2. Le 24 mars 2011, le département des finances, soit pour lui la centrale commune d’achats (ci-après : CCA) a informé l’intéressée que l’entretien des salles de gymnastique des établissements secondaires de l’Etat de Genève allait faire l’objet d’un appel d’offres qui serait prochainement publié dans la Feuille d’Avis Officielle de la République et canton de Genève (ci-après : FAO).
Elle résiliait, en conséquence, le contrat précité pour sa prochaine échéance.
La procédure d’appel d’offres ne pouvant toutefois pas être terminée avant la fin du mois d’août 2011, elle souhaitait prolonger ledit contrat pour les mois de juillet et août 2011.
3. Le 18 avril 2011, l’appel d’offres précité a été publié dans la FAO.
Le marché était divisé en quatre lots et soumis à l’accord intercantonal sur les marchés publics du 25 novembre 1994, entré en vigueur à Genève le 9 décembre 1997 (AIMP - L 6 05).
Le délai de clôture pour le dépôt des offres était fixé au 30 mai 2011 à 16h00. Les offres arrivées après ce délai seraient exclues de l’adjudication.
4. Un dossier d’appel d’offres a été communiqué à la société.
Sous le chapitre 3 intitulé « Conditions générales », il était précisé, en caractère gras, que les offres devraient être en possession de l’adjudicateur le lundi 30 mai 2011 à 16h00 au plus tard et qu’aucun délai supplémentaire ne serait accordé.
5. Le 6 mai 2011, la CCA a adressé à tous les soumissionnaires la liste des questions qu’elle avait reçues de ces derniers avec la réponse correspondante.
Il était rappelé aux intéressés que la date de clôture pour le dépôt des offres était fixée au 30 mai 2011 à 16h00.
6. Par un avenant daté du 22 juillet 2011, le contrat d’entretien susmentionné a été prolongé jusqu’au 31 décembre 2011.
7. Le 15 juin 2011, la société a remis son offre à la CCA.
8. Le 21 juin 2011, la CCA a informé la société de l’élimination de son offre pour cause de tardiveté.

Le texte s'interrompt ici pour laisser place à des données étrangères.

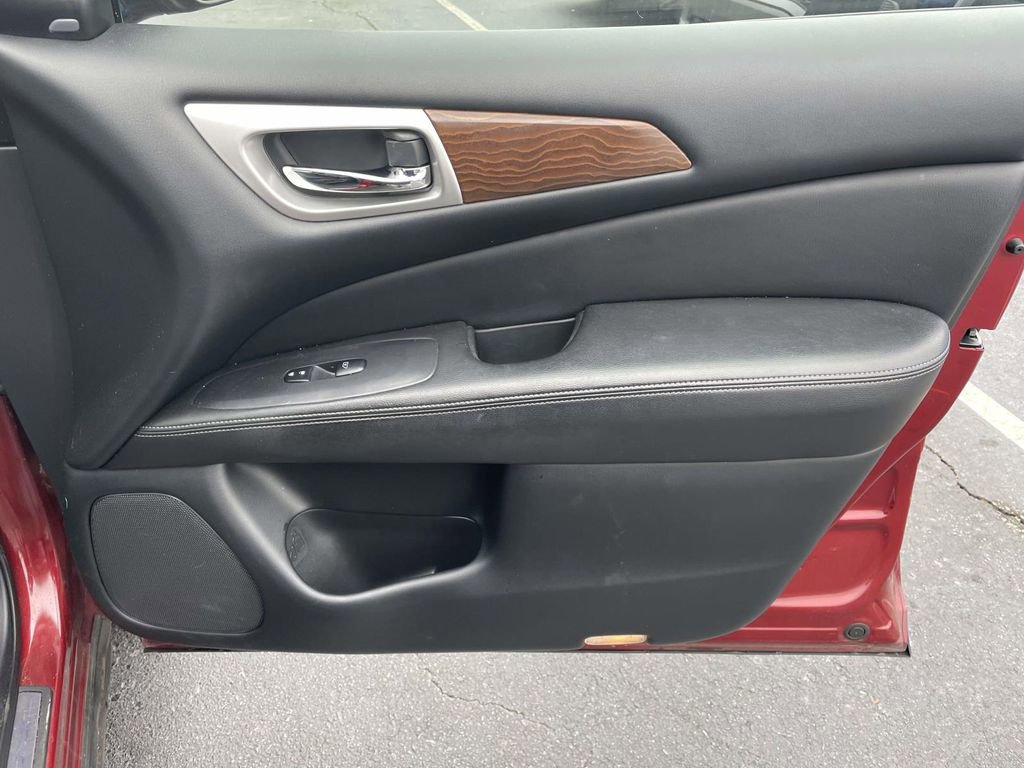 Used 2019 Nissan Pathfinder Platinum image 50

9. La société a recouru contre cette décision auprès de la chambre administrative de la section administrative de la Cour de justice (ci-après : la chambre administrative) le 29 juin 2011, en concluant à son annulation.
La société était adjudicataire de travaux pour la CCA depuis plusieurs dizaines d’années.
En février 2011, la gestion des contrats de maintenance avait été confiée à un nouveau collaborateur qui s’était entretenu téléphoniquement à plusieurs reprises, au sujet de cet appel d’offres et notamment des délais, avec deux interlocutrices de la CCA, Mesdames Armelle Brand Dähler et Delphine Schiavo. L’une de ces interlocutrices, que ce collaborateur ne pouvait désigner avec certitude, lui avait parlé d’un délai à fin juin qu’il avait compris comme représentant la date d’échéance du dépôt des offres.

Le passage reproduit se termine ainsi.